The output from the boiler master is the boiler demand. Cross-limited air demand is developed by choosing the highest of four calculated values: boiler demand function, the lag of the boiler demand signal, a minimum value (per the boiler manufacturer under the NFPA codes), and a function of the actual fuel flow. The cross-limited fuel demand is selected from the least of three signals: boiler demand function, a lag of boiler demand, and a function of actual airflow. When load is increased, air demand follows the function of the boiler demand and the fuel demand follows its lag of the boiler demand.
To develop the air demand for your boiler, hold your O2 trim controller in manual at 50% output. At a low, medium, and high load, place your FD fan master, or secondary airflow dampers (if the boiler is so equipped), and your fuel master in manual. Then manipulate the airflow until you find the amount that satisfies your O2 set point requirement, using stack opacity as a reality check on the O2 set point. Next, manipulate the airflow characterization curve as required to allow the air demand to equal or slightly exceed the fuel flow or boiler demand. Record the airflow required for that fuel flow and then move on to another fuel flow setting. Three points should be sufficient for a good airflow curve.
Typically, the airflow measurement is a differential pressure taken in air ductwork and requires a square root in order to make it linear. Ensure that your signal is also temperature-compensated. Each boiler should have an airflow characterization curve that should be a virtual straight line. If it isn’t, I would be concerned about unexplained “correction factors” or “magic numbers” that should not be necessary.

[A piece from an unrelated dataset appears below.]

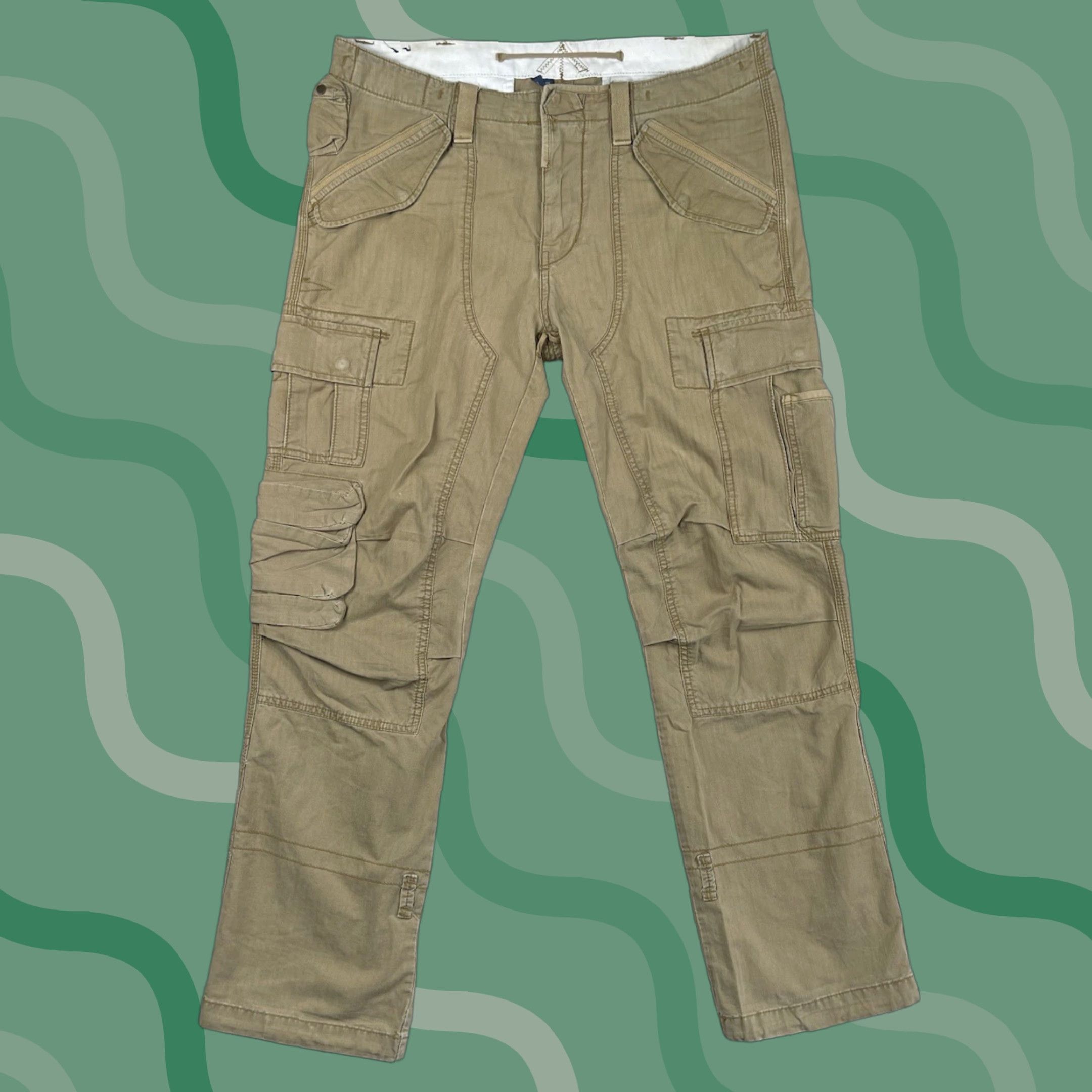 Polo Ralph Lauren VINTAGE Polo Ralph Lauren Military Cargo Pants 33x32 Striped Brown Paratrooper Utility Americana Mens Size US XS / EU 42 / 0 - 1 Thumbnail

Next, the characterized airflow is multiplied against a function of the O2 trim controller. The O2 trim control loop uses the set point curve, discussed above, plus an operator bias to calculate an O2 set point for various loads. This set point is compared with the O2 content of the flue gas used by the control system. It is best to have several O2 measurements because of striations or variations of temperature and oxygen that are present across the stack cross-section.
Different plants use different measurement schemes, selecting the average, the median, or the lowest measurement to control. O2 trim is designed to be a steady state trim of the airflow. If you, or your tuner, are trying to control airflow with the trim controller, stop it. The O2 trim controller should be mostly integral action with very little proportional and no derivative gain. Your time is better spent reworking your air demand curves or airflow characterization than attempting to tune the airflow using the O2 controls.
The output from the O2 trim control station then goes through a function generator such that a 0% to 100% input signal equals a 0.8 to 1.2 output signal. This value is then multiplied against the characterized airflow. This means that the O2 trim controller can adjust the airflow ±20%. In some extreme cases this amount can be varied, but for most boilers ±20% is more than sufficient. The final result is a signal referred to as “O2 trimmed airflow.” This value is then used by the airflow controller to modulate the ID fans or dampers.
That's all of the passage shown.